Install it with clickhousectl:
curl https://clickhouse.com/cli | sh # install clickhousectl
clickhousectl local use latest # download ClickHouse and put it on your PATH
Then point it at the compressed file exactly as you would the uncompressed version:
clickhouse local -q "SELECT * FROM file('events.csv.gz') LIMIT 5"
┌──────────event_time─┬─user_id─┬─country─┬─device──┬─event_type─┬─revenue─┬─quantity─┐
1. │ 2026-06-18 11:41:38 │ 1 │ IN │ mobile │ view │ 497.89 │ 2 │
2. │ 2026-12-24 10:43:26 │ 2 │ CA │ tablet │ view │ 204.51 │ 3 │
3. │ 2026-07-22 13:00:39 │ 3 │ DE │ mobile │ purchase │ 64.19 │ 5 │
4. │ 2026-08-13 01:02:57 │ 4 │ FR │ desktop │ view │ 103.71 │ 2 │
5. │ 2026-01-20 00:59:20 │ 5 │ JP │ desktop │ purchase │ 345.78 │ 3 │
└─────────────────────┴─────────┴─────────┴─────────┴────────────┴─────────┴──────────┘
There is no gunzip step and no decompression flag. A .gz, .zst, .lz4, .br, or .xz suffix is detected from the file name and the file is decompressed in place as the data streams in, with no import step first.
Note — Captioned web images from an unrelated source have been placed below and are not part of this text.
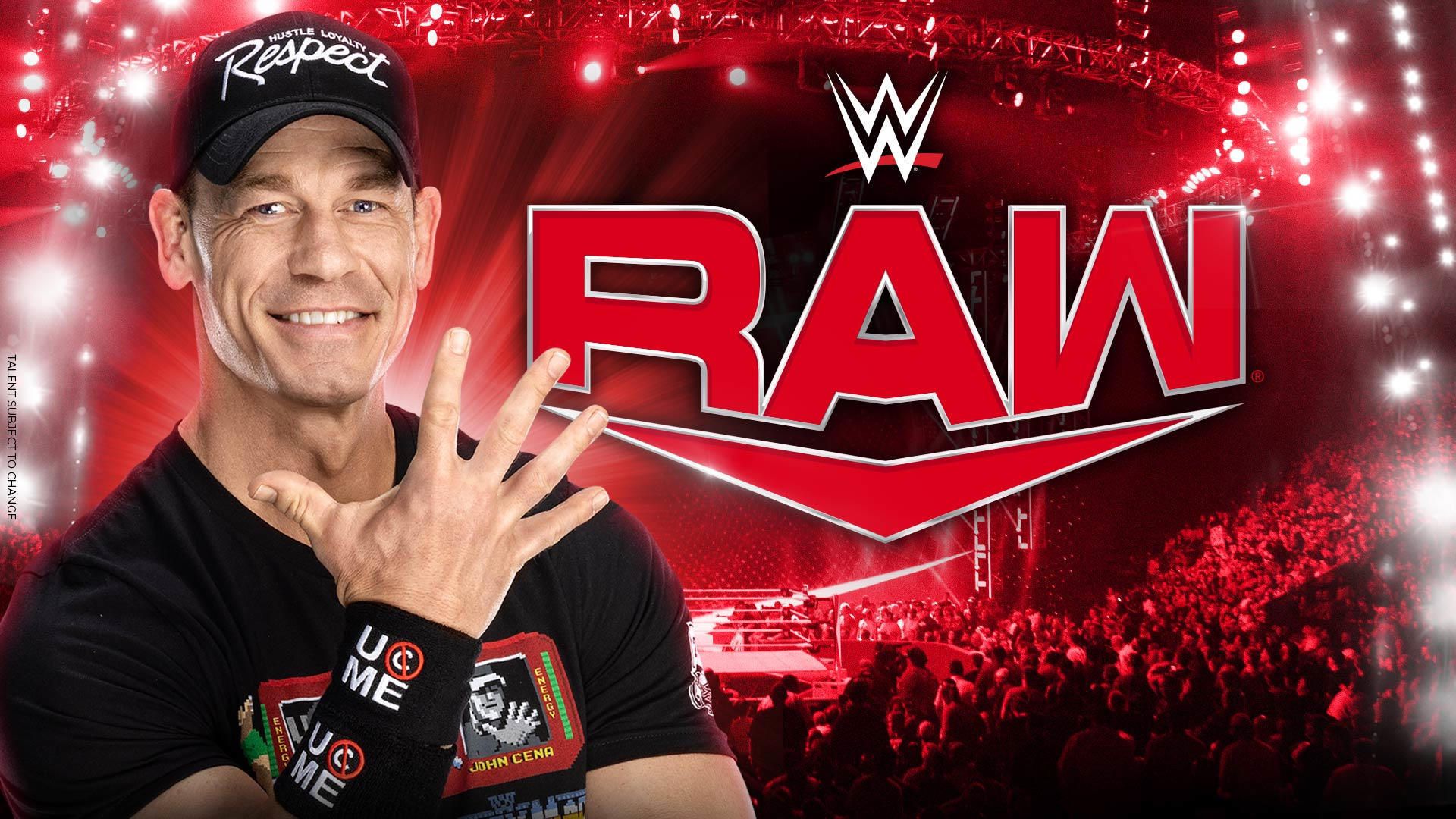 WWE Raw background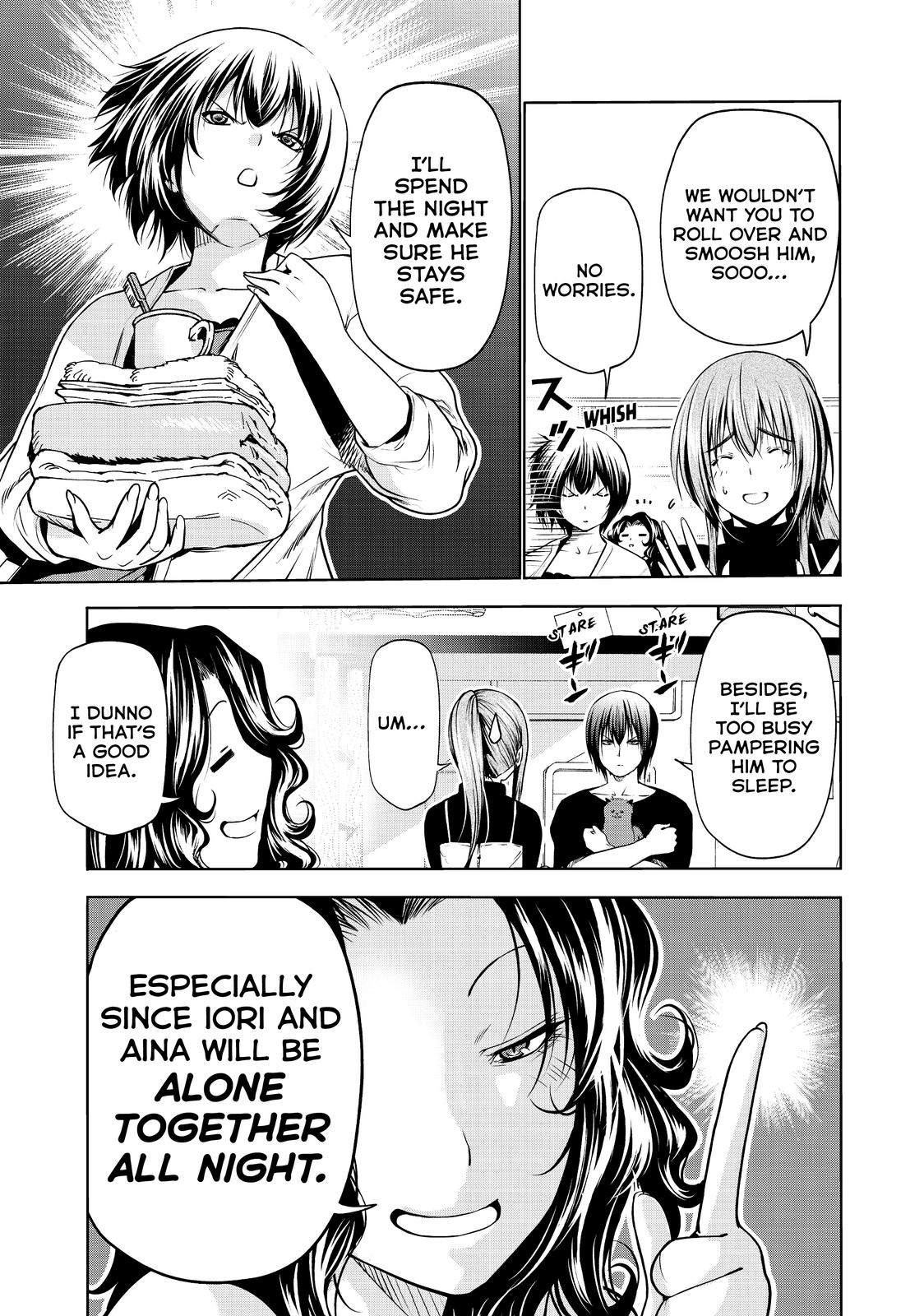 Grand Blue Chap 65.5 - Next Chap 66.5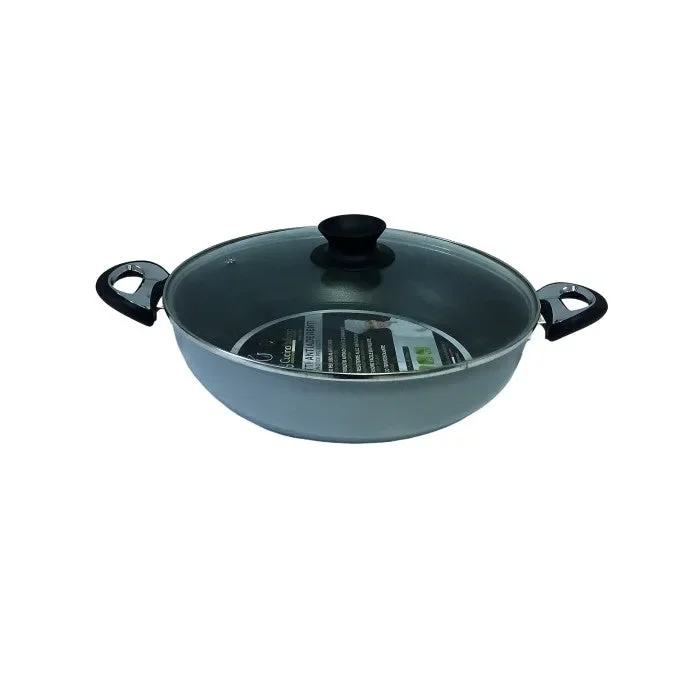 Tegame 2 manici con coperchio in vetro – 30 cm Vendita online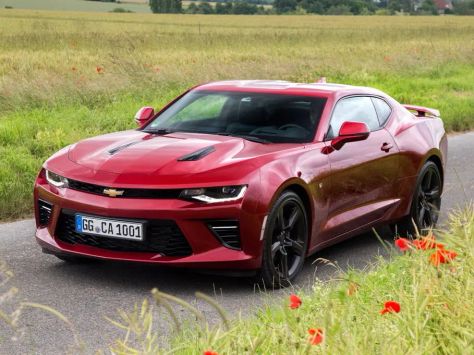 Camaro, 2015–2018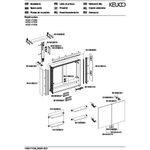 Keuco Spiegelschrank ROYAL LUMOS DALI 800x735x165mm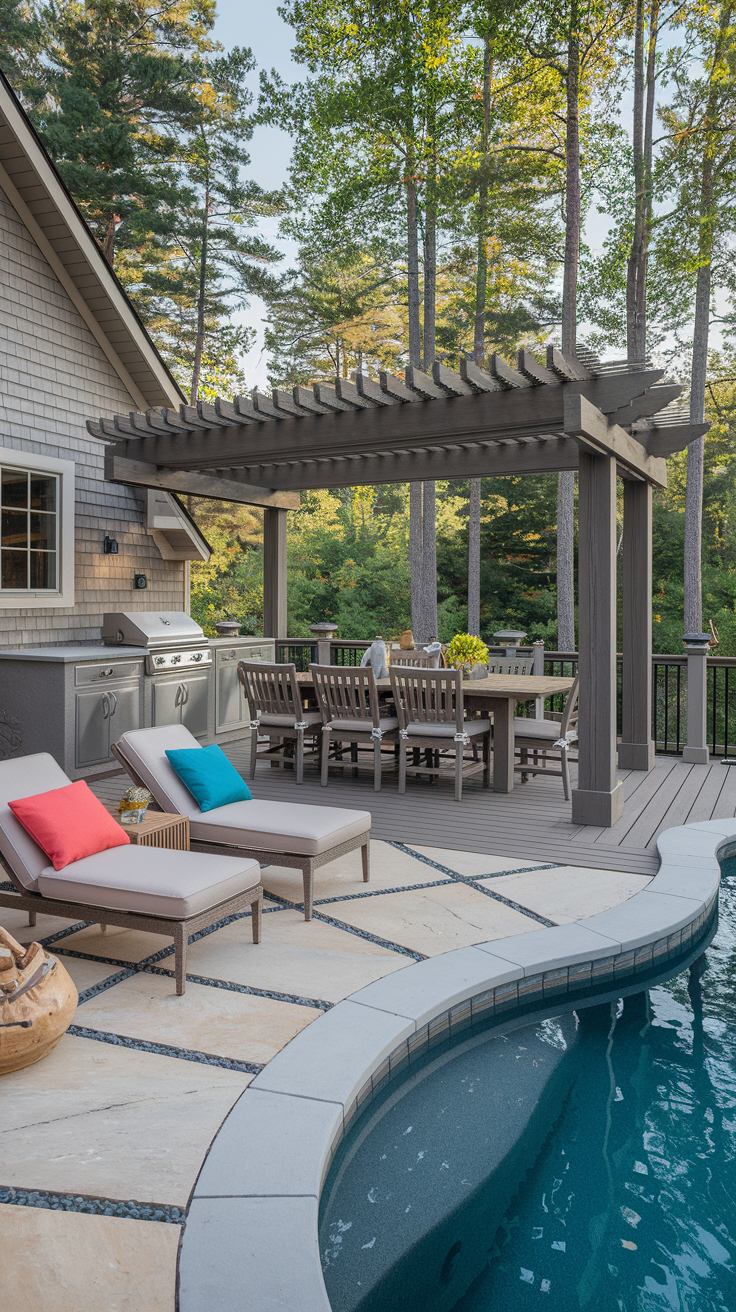 21 Deck Ideas for Above Ground Pools – Stylish, Functional & Budget-Friendly Designs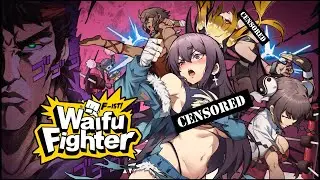 Waifu Fighter - Gameplay (H-Game)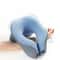 Ergonomic Ushaped Travel Pillow Memory Foam Airplane Neck Pillow For Office Nap 2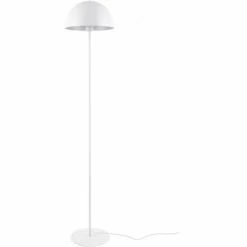 Leitmotiv Lampadaires Lampadaire Champignon En Métal Blanc -Luminaires Soldes 2022 lampadaire champignon en metal blanc 5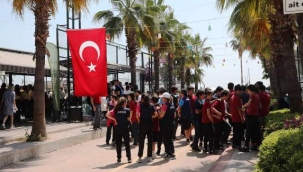 ALANYA SINAV ÖNCESİ MOTİVASYON ŞENLİĞİ DÜZENLENDİ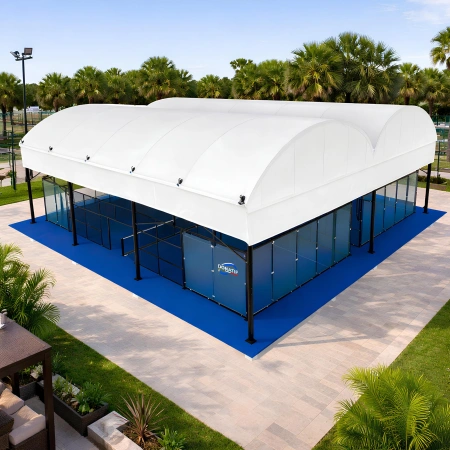 copy of Campo da Padel Doppio Coperto - CP75 | Professionale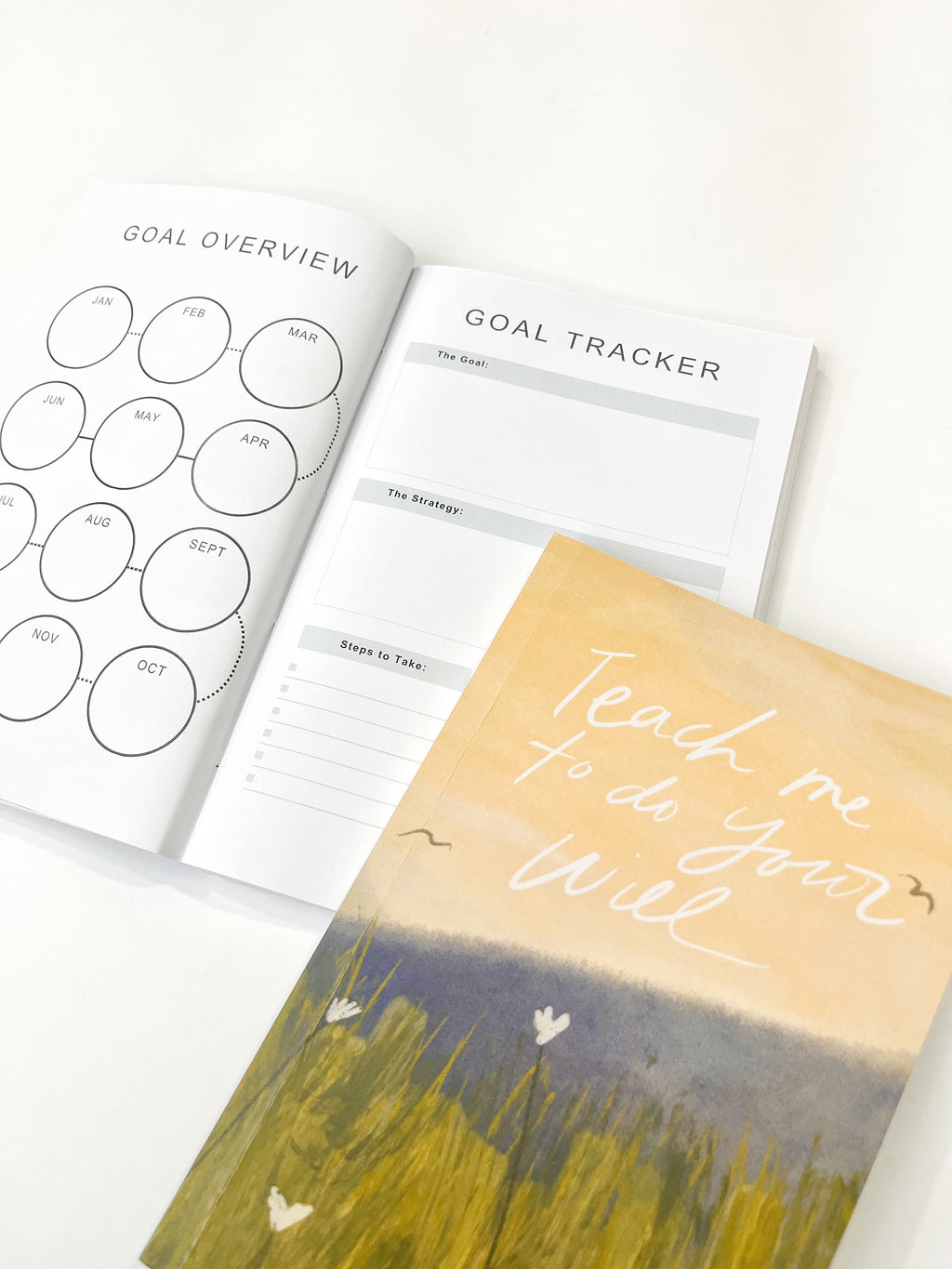 The Letterer Undated All-in-One Planner (2 Variants)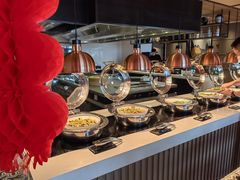 自助取餐区-食光全日制餐厅(绵阳首开喜来登酒店)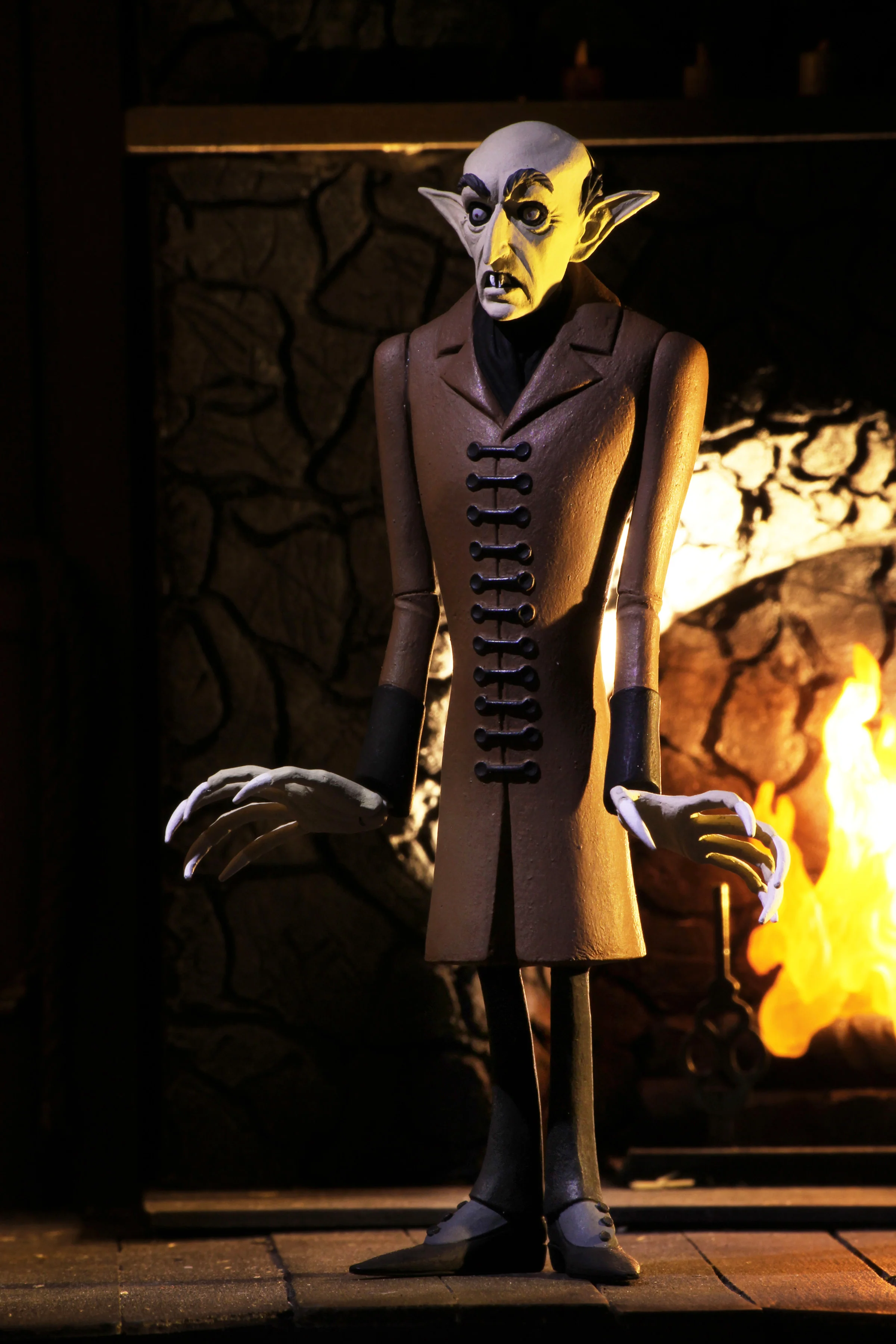 Nosferatu - Toony Terrors - Count Orlok 6" Action Figure (Series 3) - Image 3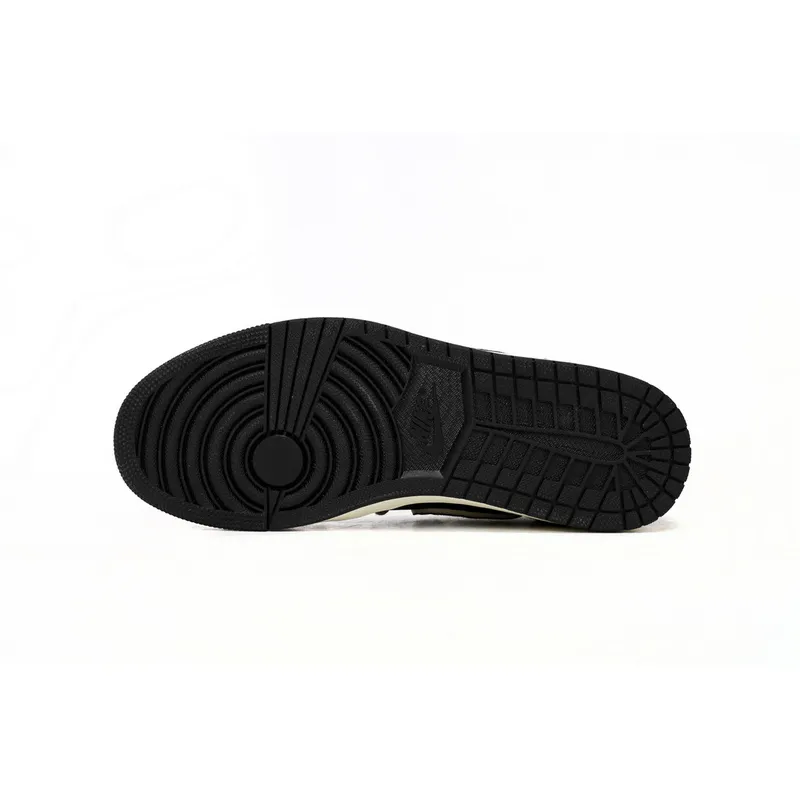 XH Air Jordan 1 Low Black Grey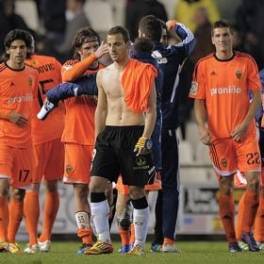 Liga 09/10 Valencia-3 R.Zaragoza-1 Liga 09/10 Valencia-3 R.Zaragoza-1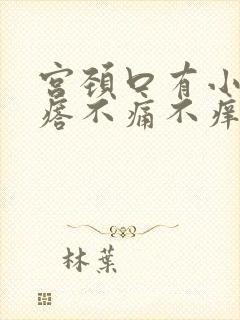 宫颈口有小硬疙瘩不痛不痒怎么回事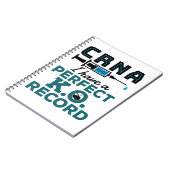 Carnet CRNA J'Ai Un Dossier K.O. Parfait (Côté gauche)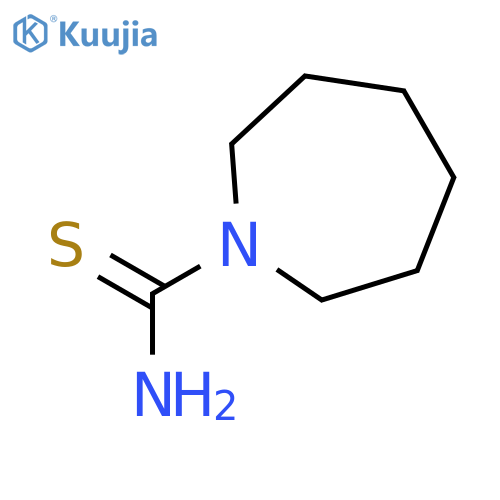 Azepane-1-carbothioamide structure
Compression sits underneath the format. ClickHouse decompresses first, then reads the .csv (or .json, .parquet, ...) inside, so type inference works exactly as it does on a plain file. DESCRIBE proves it without a CREATE TABLE:
clickhouse local -q "DESCRIBE file('events.csv.gz') FORMAT PrettyCompact"
┌─name───────┬─type───────────────┬─default_type─┬─default_expression─┬─comment─┬─codec_expression─┬─ttl_expression─┐
1. │ event_time │ Nullable(DateTime) │ │ │ │ │ │
2. │ user_id │ Nullable(Int64) │ │ │ │ │ │
3. │ country │ Nullable(String) │ │ │ │ │ │
4. │ device │ Nullable(String) │ │ │ │ │ │
5. │ event_type │ Nullable(String) │ │ │ │ │ │
6. │ revenue │ Nullable(Float64) │ │ │ │ │ │
7. │ quantity │ Nullable(Int64) │ │ │ │ │ │
└────────────┴────────────────────┴──────────────┴────────────────────┴─────────┴──────────────────┴────────────────┘
The header gave the names, the data gave the types, and the gzip layer was invisible. (The extra empty columns are CREATE TABLE metadata that a CSV does not carry.)
Swap the suffix and the command does not change. A zstd-compressed CSV reads identically:
clickhouse local -q "
SELECT event_type, count()
FROM file('events.csv.zst')
GROUP BY event_type
ORDER BY event_type
FORMAT PrettyCompact"
┌─event_type─┬─count()─┐
1. │ click │ 6 │
2. │ purchase │ 5 │
3. │ refund │ 3 │
4. │ view │ 6 │
└────────────┴─────────┘
.lz4, .br (brotli), and .xz behave the same. The codec is chosen by the file extension, never by a command-line switch.
Parquet compresses each column block internally (zstd, snappy, gzip). That codec is part of the file's footer, so a zstd-compressed Parquet file is read with no hint at all. There is no .zst suffix involved; the .parquet extension is enough:
clickhouse local -q "SELECT count(), round(sum(revenue), 2) FROM file('events.zstd.parquet') FORMAT PrettyCompact"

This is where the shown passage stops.